10 Learning with Uncertainty

The third edition of Artificial Intelligence: foundations of computational agents, Cambridge University Press, 2023 is now available (including full text).

10.7 Exercises

  1. 1.

    Try to construct an artificial example where a naive Bayes classifier can give divide-by-zero error in test cases when using empirical frequencies as probabilities. Specify the network and the (non-empty) training examples. [Hint: You can do it with two features, say A and B, and a binary classification, say C, that has domain {0,1}. Construct a data set where the empirical probabilities give P(a|C=0)=0 and P(b|C=1)=0.] What observation is inconsistent with the model?

  2. 2.

    Consider designing a help system based on Example 10.5. Discuss how your implementation can handle the following issues, and if it cannot whether it is a major problem.

    1. (a)

      What should be the initial uij counts?
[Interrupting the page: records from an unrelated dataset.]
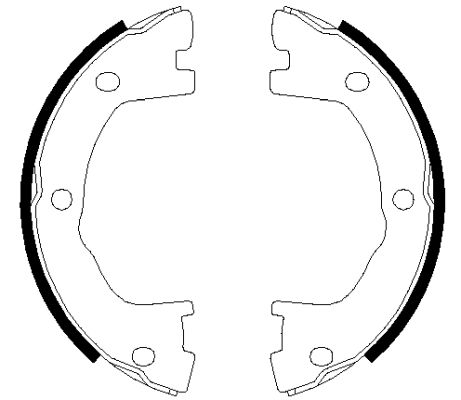 Комплект гальмівних колодок, стоянкове гальмо, Hella Pagid 8DA355050-501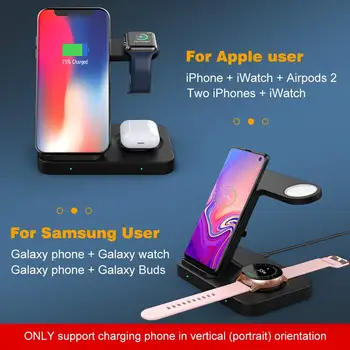 15W Qi Bezdrôtový Nabíjací Stojan Rýchle Nabíjanie Pre Samsung S10 S20 Galaxy Puky Pre iPhone 12 11 XS Apple Hodinky 6 5 4 3 Airpods pro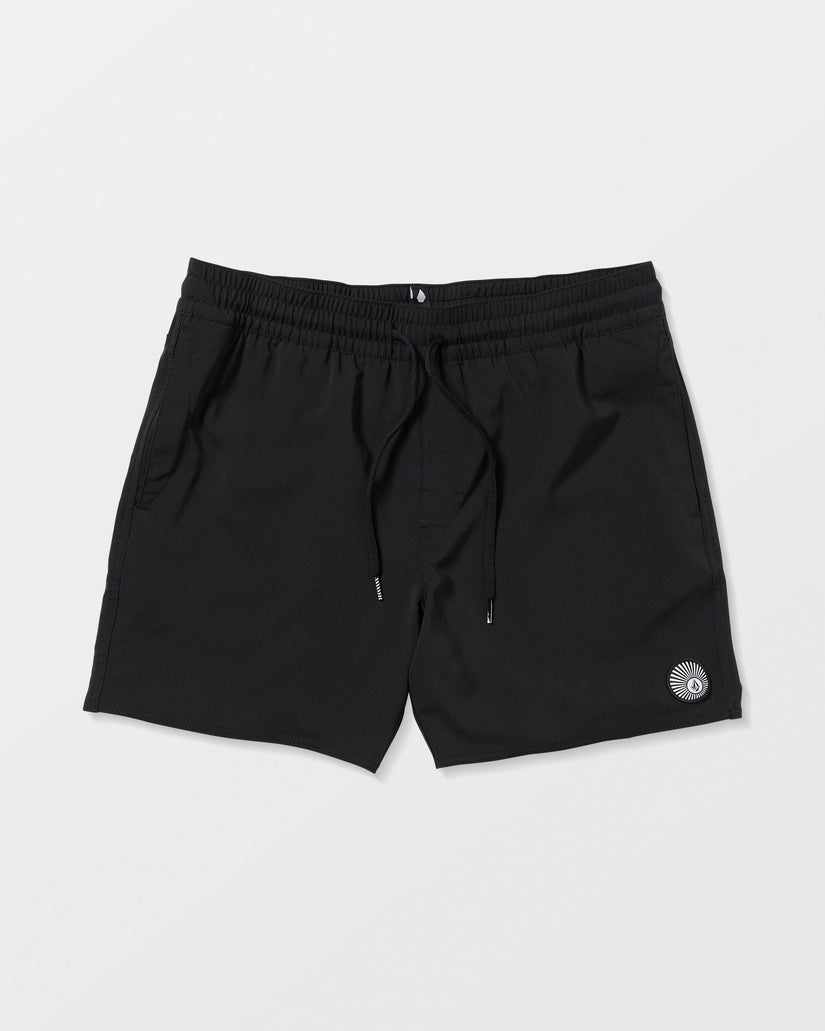 Boardshort Lido Solid Trunk 16" - Black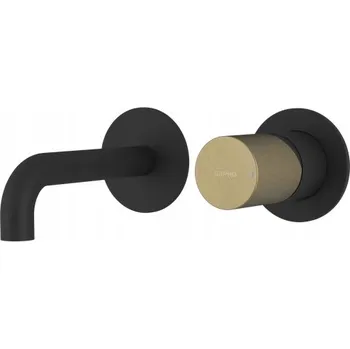 Vodovodní baterie Umyvadlová baterie pod omítku Sapho černá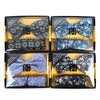 12pc Pack Assorted Men's Floral Bow Tie & Matching Hanky - BTHB9000FLR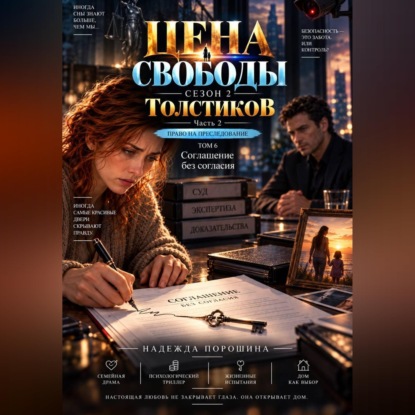 Аудиокнига «ЦЕНА СВОБОДЫ. СЕЗОН 2. Толстиков. Часть 2. Право на преследование. Том 6. Соглашение без согласия», Надежда Александровна Порошина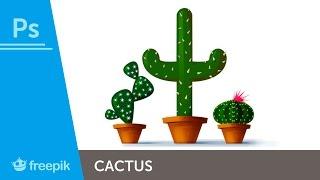 PROMO - How to create different cactus Illustrations in Adobe Photoshop | Freepik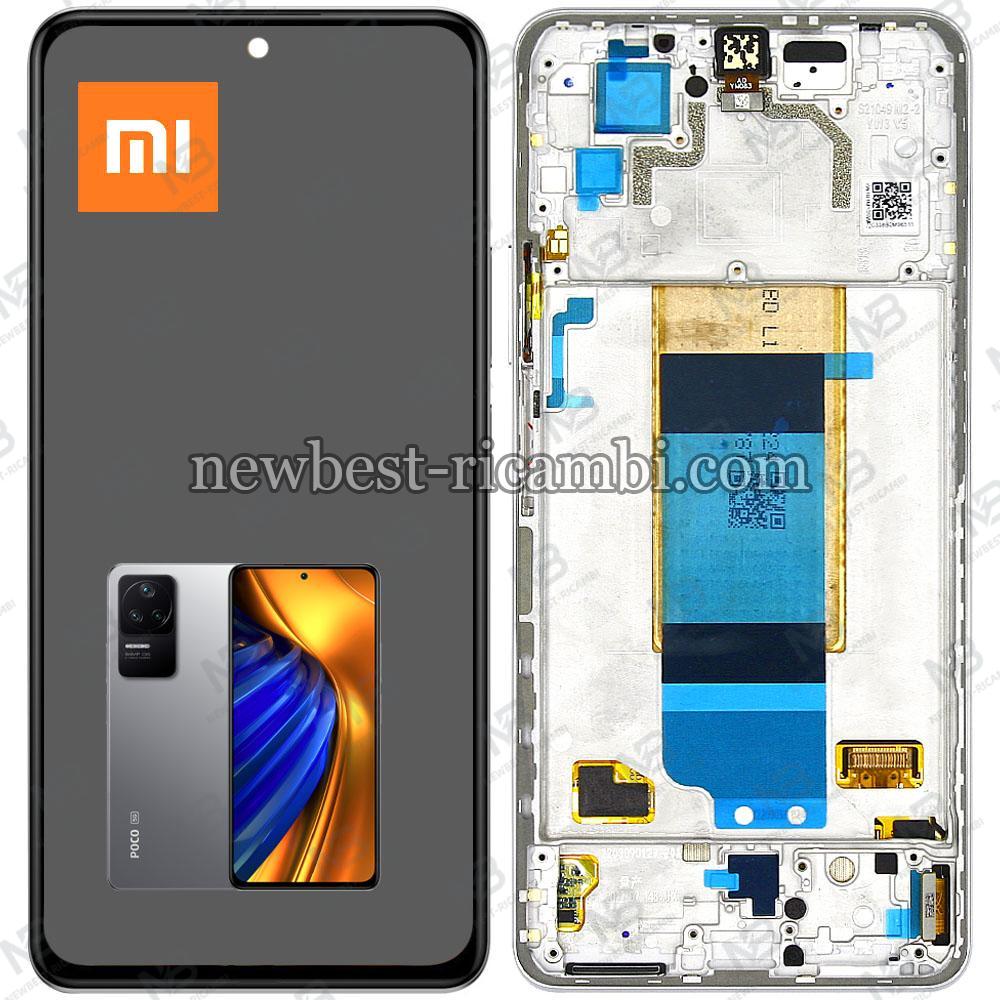 Xiaomi Poco F4 (22021211RG) Touch + Lcd + Frame Silver Service Pack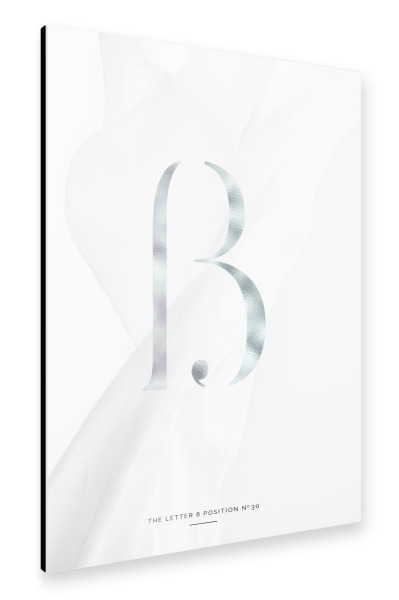 Alu-Dibond "SILBER LETTER COLLECTION | ß" 30x20 cm artboxONE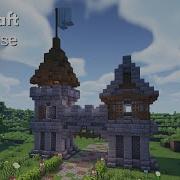 Minecraft How To Build A Medieval Gatehouse Castle Gate Tutorial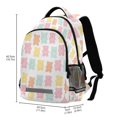 thumbnail image 2 of FORMRS Kids School Backpack Elementary Student Unisex Travel Bookbag with Reflective Stripes, Cute Gummy Bears Pattern, 2 of 7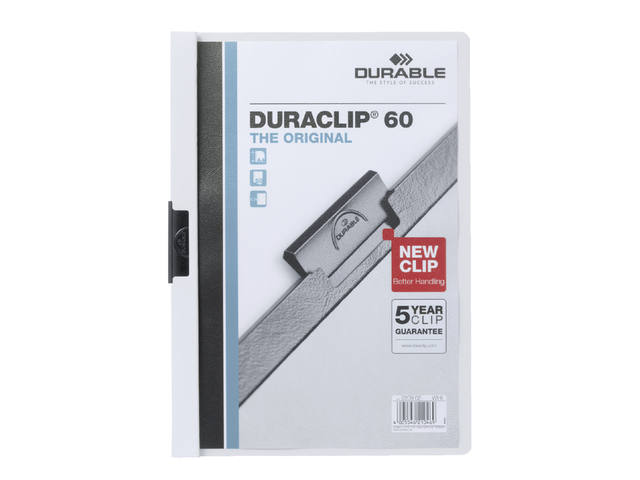 Klemmap Durable Duraclip A4 6mm 60v wt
Where might this information be obtained?

    2. (b)

      What if the most likely page is not the correct page?

    3. (c)

      What if users cannot find the correct page?

    4. (d)

      What if users mistakenly think they have the correct page?

    5. (e)

      Can some pages never be found?

    6. (f)

      What should it do with common words that are independent of the help page?

    7. (g)

      What about words that affect the meaning, such as “not”?

    8. (h)

      How should it handle words it has never seen before?

    9. (i)

      How can new help pages be incorporated?

  3. 3.

    Suppose you have designed a help system based on Example 10.5 and much of the underlying system which the help pages are about has changed. You are now very unsure about which help pages will be requested, but you may have a good model of which words will be used given the help page. How can the help system be changed to take this into account? [Hint: You may need different counts for P(hi) and P(wjhi).]

  4. 4.

    Consider the unsupervised data of Figure 10.3.

    1. (a)

      How many different stable assignments of examples to classes does the k-means algorithm find when k=2? [Hint: Try running the algorithm on the data with a number of different starting points, but also think about what assignments of examples to classes are stable.] Do not count permutations of the labels as different assignments.

    2. (b)

      Estimate how many different stable assignments there are when k=3.

    3. (c)

      Estimate many different stable assignments are there when k=4.

    4. (d)

      Why might someone suggest that three is the natural number of classes in this example? Give a definition for “natural” number of classes, and use this data to justify the definition.

  5. 5.

    Suppose the k-means algorithm is run for an increasing sequence of values for k, and that it is run for a number of times for each k to find the assignment with a global minimum error. Is it possible that a number of values of k exist for which the error plateaus and then has a large improvement (e.g., when the error for k=3, k=4, and k=5 are about the same, but the error for k=6 is much lower)? If so, give an example. If not, explain why.

  6. 6.

    To initialize the EM algorithm in Figure 10.6 consider two alternatives:

    1. (a)

      allow P to return a random distribution the first time through the loop

    2. (b)

      initialize cc and fc to random values

    By running the algorithm on some data sets, determine which, if any, of these alternatives is better in terms of log loss of the training data, as a function of the number of loops through the data set. Does it matter if cc and fc are not consistent with the semantics (counts that should be equal are not)?

  7. 7.

    As outlined in Example 10.7, define a code for describing decision trees. Make sure that each code corresponds to a decision tree (for every sufficiently long sequence of bits, the initial segment of the sequence will describe a unique decision tree), and each decision tree has a code. How does this code translate into a prior distribution on trees? In particular, how much does the likelihood of introducing a new split have to increase to offset the reduction in prior probability of the split (assuming that smaller trees are easier to describe than large trees in your code)?